Erasure Coding

The erasure coding API is flexibly configurable and hence comes with some new configuration options that are shown here. All configuration options can be set by creating an erasure-coding-site.xml in the Hops configuration folder. Note that Hops comes with reasonable default values for all of these values. However, erasure coding needs to be enabled manually.

  • dfs.erasure_coding.enabled: (true/false) Enable/Disable erasure coding.
  • dfs.erasure_coding.codecs.json: List of available erasure coding codecs available. This value is a json field i.e.
<value>
      [
        {
              "id" : "xor",
              "parity_dir" : "/raid",
              "stripe_length" : 10,
              "parity_length" : 1,
              "priority" : 100,
              "erasure_code" : "io.hops.erasure_coding.XORCode",
              "description" : "XOR code"
        },
        {
              "id" : "rs",
              "parity_dir" : "/raidrs",
              "stripe_length" : 10,
              "parity_length" : 4,
              "priority" : 300,
              "erasure_code" : "io.hops.erasure_coding.ReedSolomonCode",
              "description" : "ReedSolomonCode code"
        },
        {
              "id" : "src",
              "parity_dir" : "/raidsrc",
              "stripe_length" : 10,
              "parity_length" : 6,
              "parity_length_src" : 2,
              "erasure_code" : "io.hops.erasure_coding.SimpleRegeneratingCode",
              "priority" : 200,
              "description" : "SimpleRegeneratingCode code"
        },
      ]
</value>
  • dfs.erasure_coding.parity_folder: The HDFS folder to store parity information in. Default value is /parity
  • dfs.erasure_coding.recheck_interval: How frequently should the system schedule encoding or repairs and check their state. Default valude is 300000 ms.
  • dfs.erasure_coding.repair_delay: How long should the system wait before scheduling a repair. Default is 1800000 ms.
  • dfs.erasure_coding.parity_repair_delay: How long should the system wait before scheduling a parity repair. Default is 1800000 ms.
  • dfs.erasure_coding.active_encoding_limit: Maximum number of active encoding jobs. Default is 10.
  • dfs.erasure_coding.active_repair_limit: Maximum number of active repair jobs. Default is 10.
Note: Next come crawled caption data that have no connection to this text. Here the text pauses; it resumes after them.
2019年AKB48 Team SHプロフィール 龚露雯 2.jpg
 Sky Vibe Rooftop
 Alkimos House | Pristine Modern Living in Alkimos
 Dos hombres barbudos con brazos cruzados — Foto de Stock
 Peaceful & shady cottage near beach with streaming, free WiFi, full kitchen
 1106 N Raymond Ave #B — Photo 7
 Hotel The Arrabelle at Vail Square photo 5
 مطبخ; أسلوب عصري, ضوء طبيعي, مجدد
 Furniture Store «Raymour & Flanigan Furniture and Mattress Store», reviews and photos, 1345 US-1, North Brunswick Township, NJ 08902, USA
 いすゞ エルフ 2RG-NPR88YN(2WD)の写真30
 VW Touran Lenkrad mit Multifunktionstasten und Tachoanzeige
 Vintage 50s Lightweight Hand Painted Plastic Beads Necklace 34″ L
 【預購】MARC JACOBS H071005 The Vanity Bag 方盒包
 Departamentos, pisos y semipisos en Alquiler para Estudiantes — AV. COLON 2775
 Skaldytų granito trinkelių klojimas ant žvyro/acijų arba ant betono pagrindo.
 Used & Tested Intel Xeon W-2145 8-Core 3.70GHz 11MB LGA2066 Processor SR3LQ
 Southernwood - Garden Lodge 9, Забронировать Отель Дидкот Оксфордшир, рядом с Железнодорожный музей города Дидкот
  • dfs.erasure_coding.active_parity_repair_limit: Maximum number of active parity repair jobs. Default is 10.
  • dfs.erasure_coding.deletion_limit: Delete operations to be handle during one round. Default is 100.
  • dfs.erasure_coding.encoding_manager: Implementation of the EncodingManager to be used. Default is io.hops.erasure_coding.MapReduceEncodingManager.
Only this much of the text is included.